> **Data shown**:

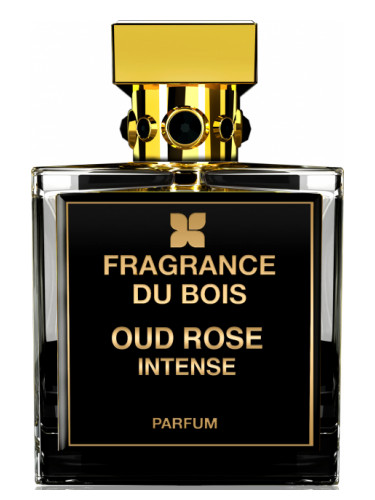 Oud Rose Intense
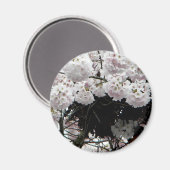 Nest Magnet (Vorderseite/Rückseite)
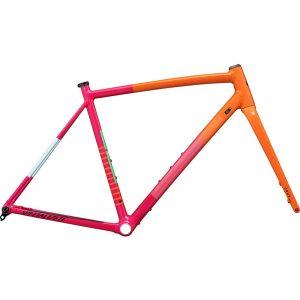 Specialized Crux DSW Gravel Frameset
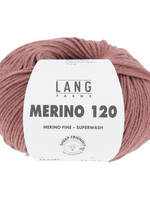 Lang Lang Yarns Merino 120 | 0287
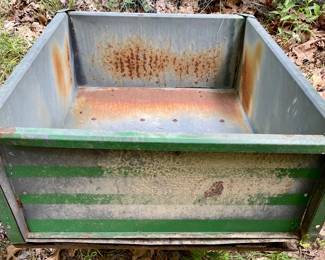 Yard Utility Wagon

---

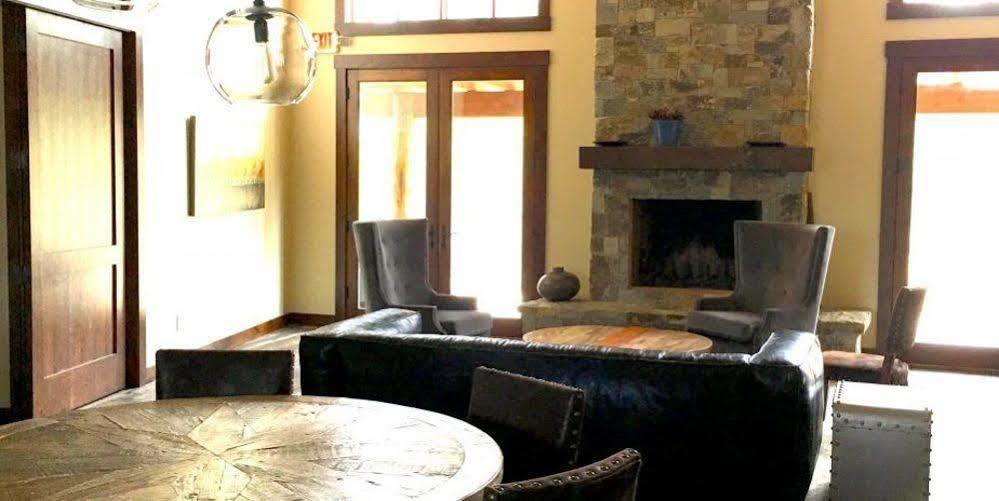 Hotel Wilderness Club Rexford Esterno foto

==

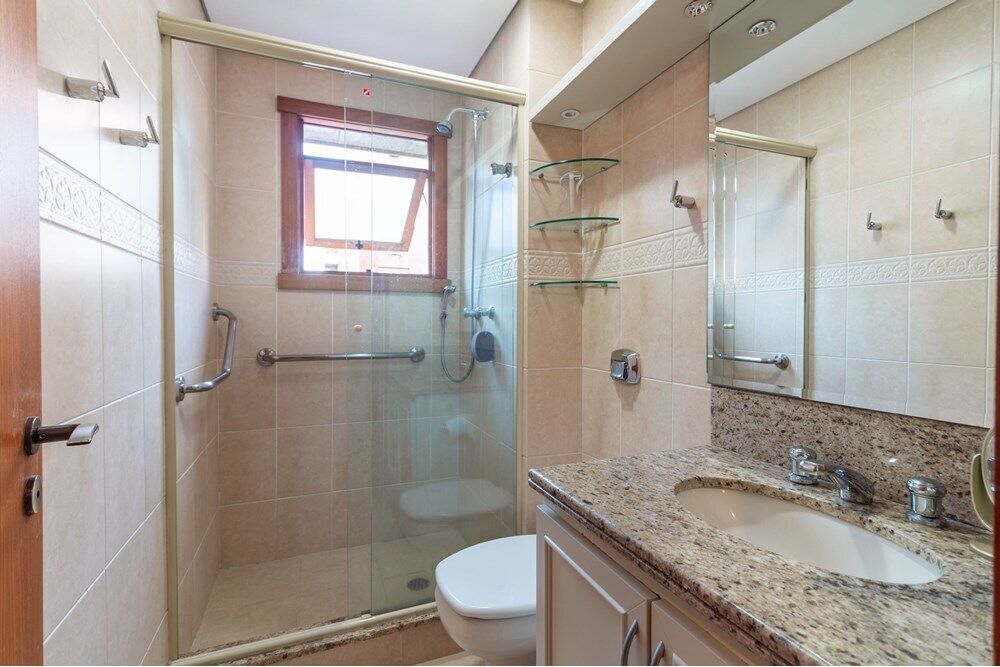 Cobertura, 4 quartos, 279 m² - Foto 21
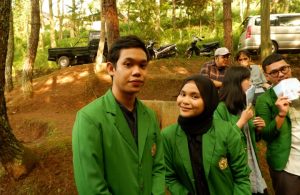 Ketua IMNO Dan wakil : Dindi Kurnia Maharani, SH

> **Exercise directions**: Write out, word for word, the stretch of entries that begins at the line with "Lang Lang Yarns Merino 120 | 0287" and ends at the line with "Yard Utility Wagon". Pictures do not belong in it.

> **Response area**:
 Lang Lang Yarns Merino 120 | 0287
 Yard Utility Wagon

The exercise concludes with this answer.